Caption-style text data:
+---+

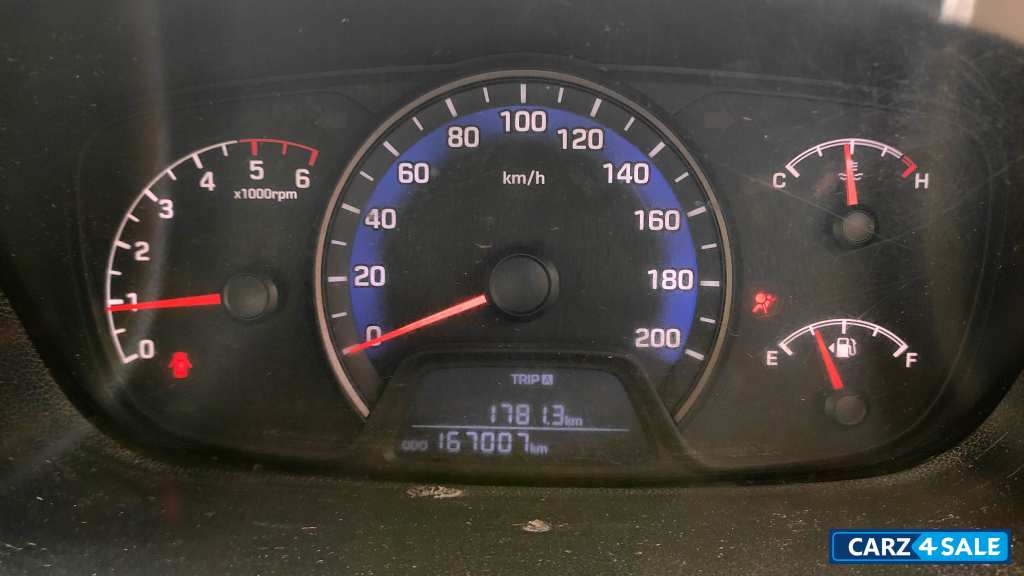 Hyundai Xcent 1.2 Prime T Plus CRDI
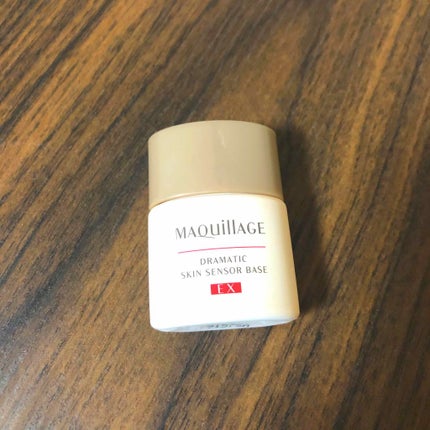 ドラマティックスキンセンサーベース EX/マキアージュ/化粧下地を使ったクチコミ(1枚目)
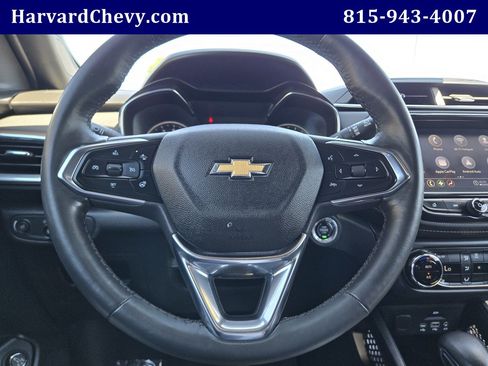 Certified 2023 Chevrolet TrailBlazer ACTIV w/ Sun and Liftgate Package AWD/4WD image 18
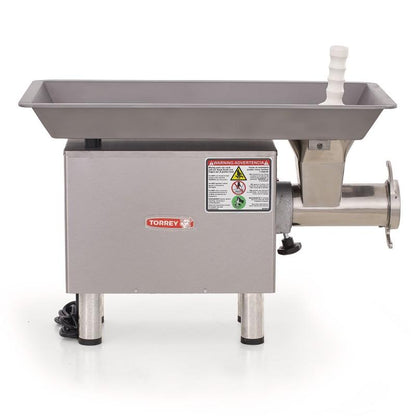 MOLINO PARA ALIMENTOS CABEZAL DE ACERO INOXIDABLE M-22-RSS-2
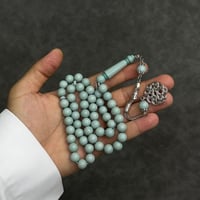 سبحه بكلايت تكركواز مع كركوشة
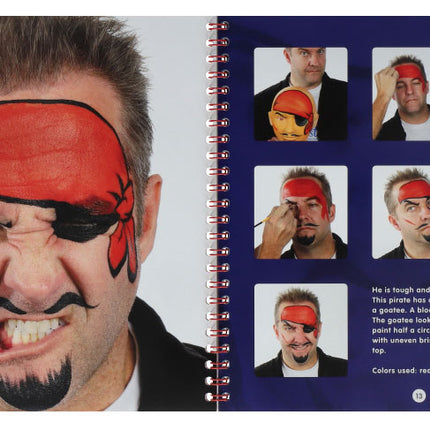 Superstar Schminkboek Eindeloos Schminken +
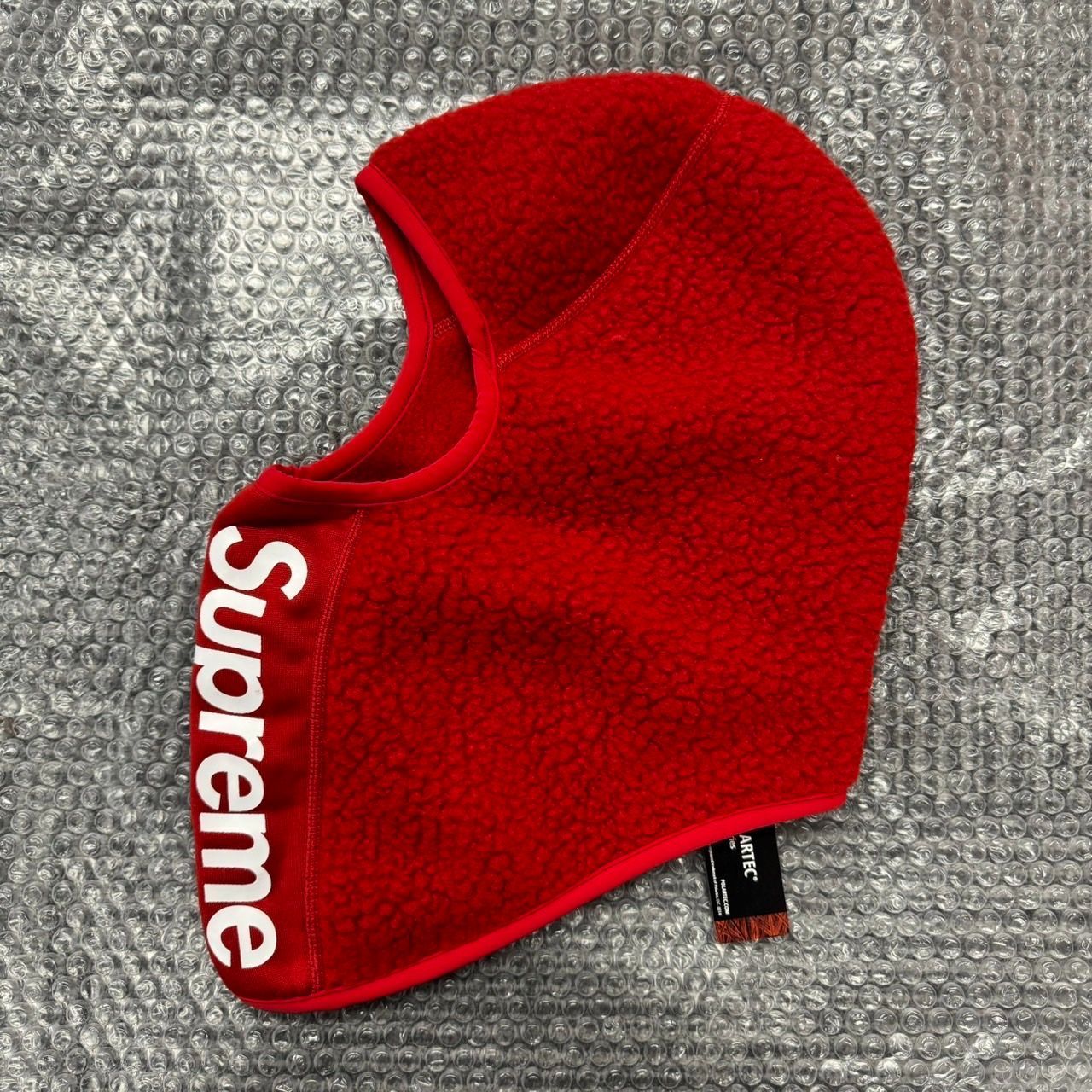 Supreme WINDSTOPPER Facemask (FW23) - $42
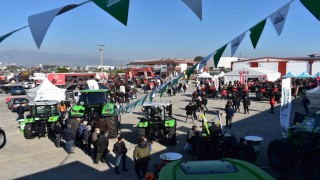 12. Uluslararası Aydın Tarım Fuarı 13-16 Şubat’ta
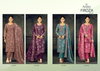 Firoza Vol 4 By Radhika Azara Viscose Ladies Dress Material Wholesale Market In Surat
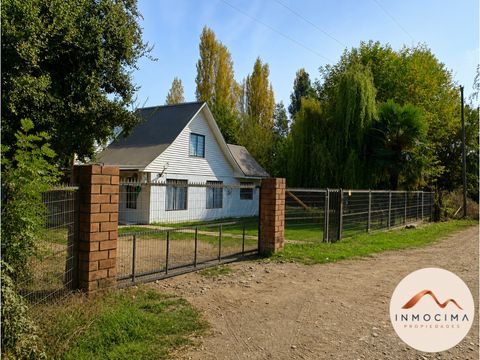 arriendo casa en longavi ideal para contratistas
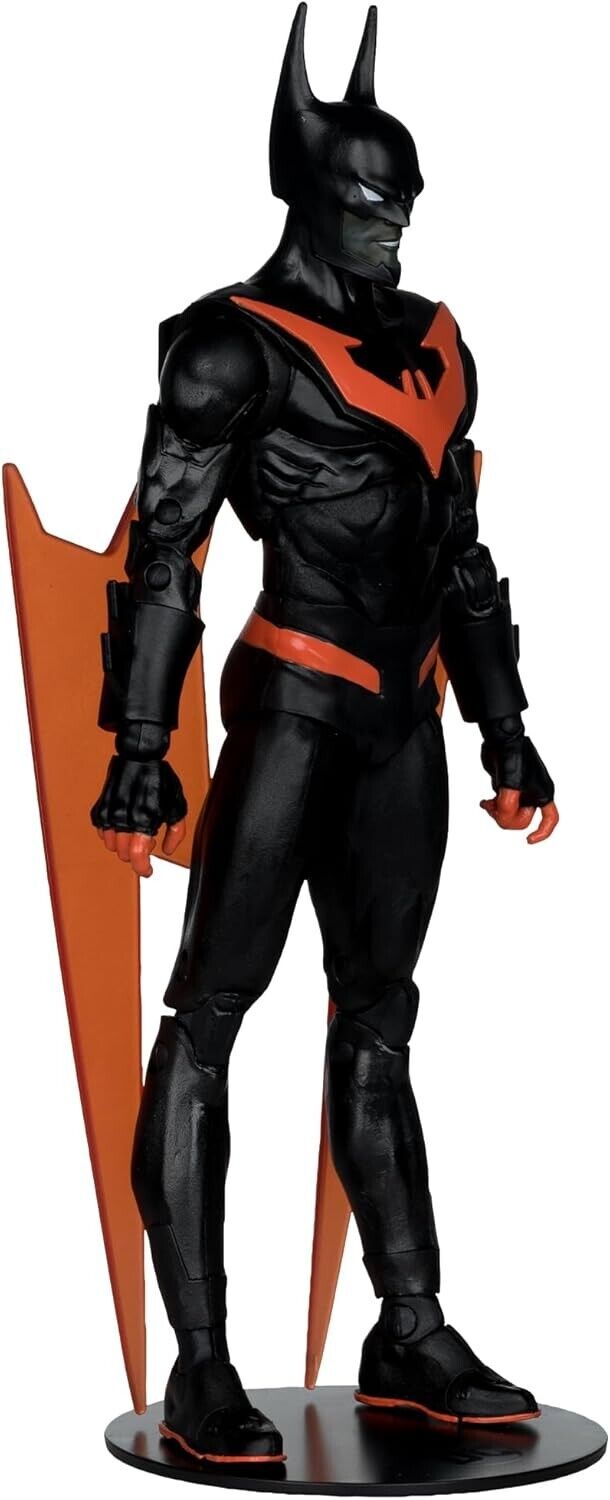 McFarlane DC Multiverse Batman Beyond (Neo Gothic) 7in Action Figure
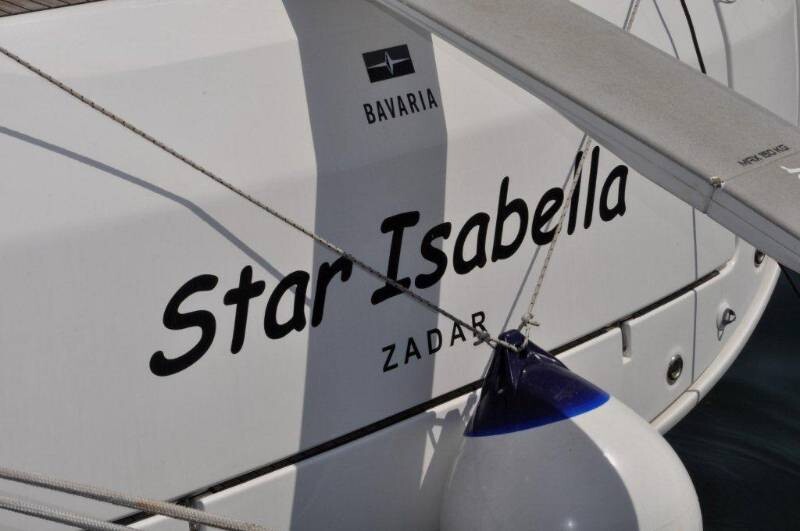 Bavaria Cruiser 50 Star Isabella 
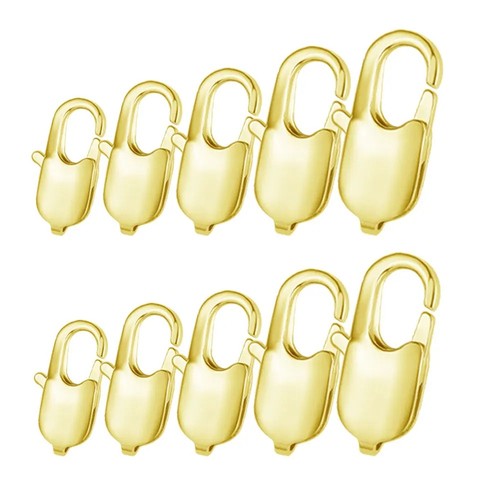 Karabiner verschluss für die - verschluss,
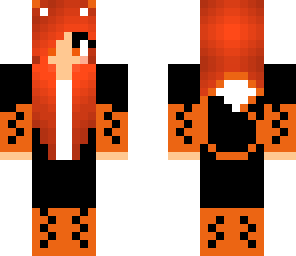 halloween fox edited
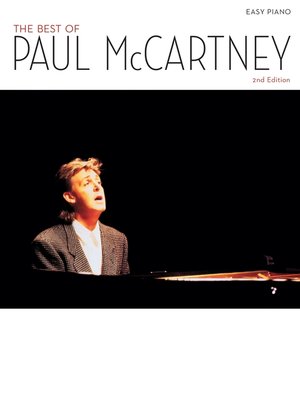 cover image of The Best of Paul McCartney  (Songbook)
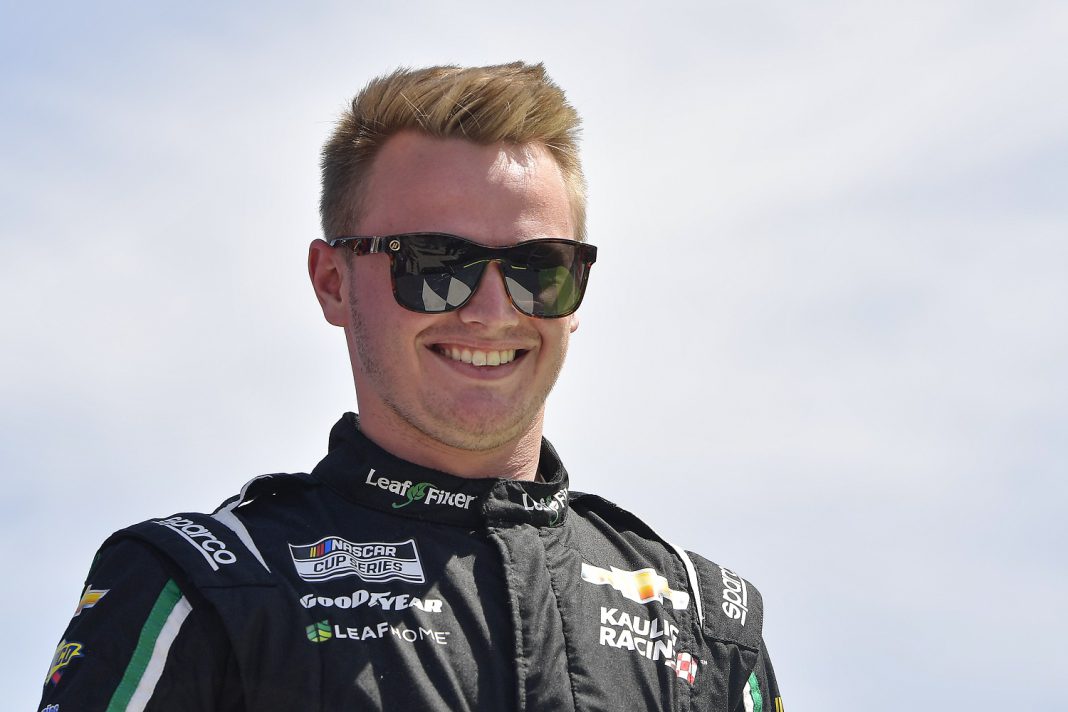 Justin Haley NASCAR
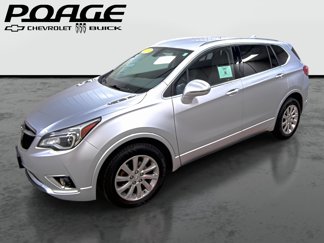 Used 2019 Buick Envision Essence image 1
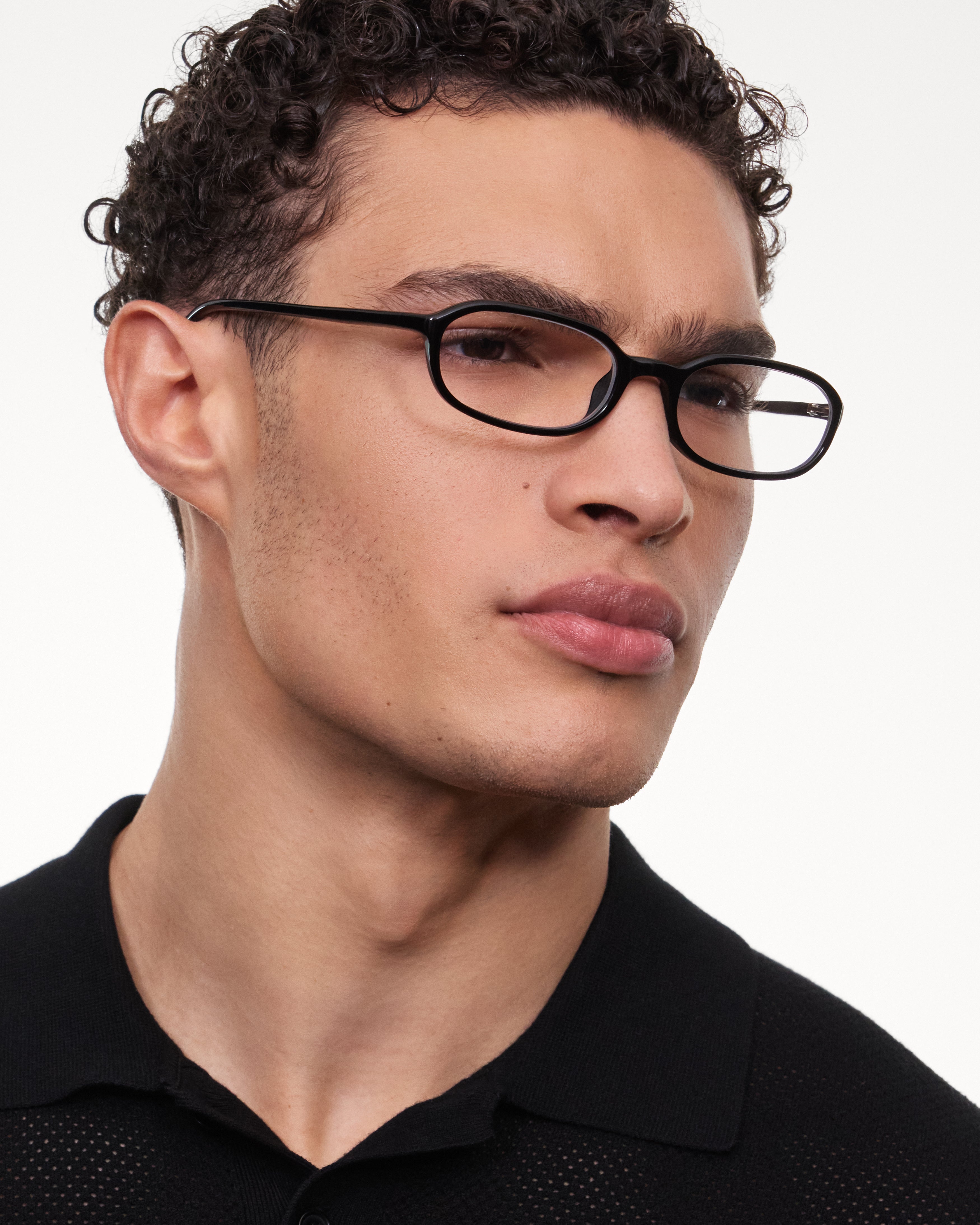 CHIMI Edith Optic Black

+---+

YOUR TASK: Print all of the entries word for word. Omit the pictures they contain.

WRITTEN RESPONSE:
 Hyundai Xcent 1.2 Prime T Plus CRDI
 ドラマティックスキンセンサーベース EX/マキアージュ/化粧下地を使ったクチコミ(1枚目)
 Certified 2023 Chevrolet TrailBlazer ACTIV w/ Sun and Liftgate Package AWD/4WD image 18
 MOLINO PARA ALIMENTOS CABEZAL DE ACERO INOXIDABLE M-22-RSS-2
 سبحه بكلايت تكركواز مع كركوشة
 Superstar Schminkboek Eindeloos Schminken +
 Supreme WINDSTOPPER Facemask (FW23) - $42
 12. Uluslararası Aydın Tarım Fuarı 13-16 Şubat’ta
 Firoza Vol 4 By Radhika Azara Viscose Ladies Dress Material Wholesale Market In Surat
 arriendo casa en longavi ideal para contratistas
 McFarlane DC Multiverse Batman Beyond (Neo Gothic) 7in Action Figure
 Bavaria Cruiser 50 Star Isabella 
 Karabiner verschluss für die - verschluss,
 halloween fox edited
 cover image of The Best of Paul McCartney  (Songbook)
 Justin Haley NASCAR
 Used 2019 Buick Envision Essence image 1
 CHIMI Edith Optic Black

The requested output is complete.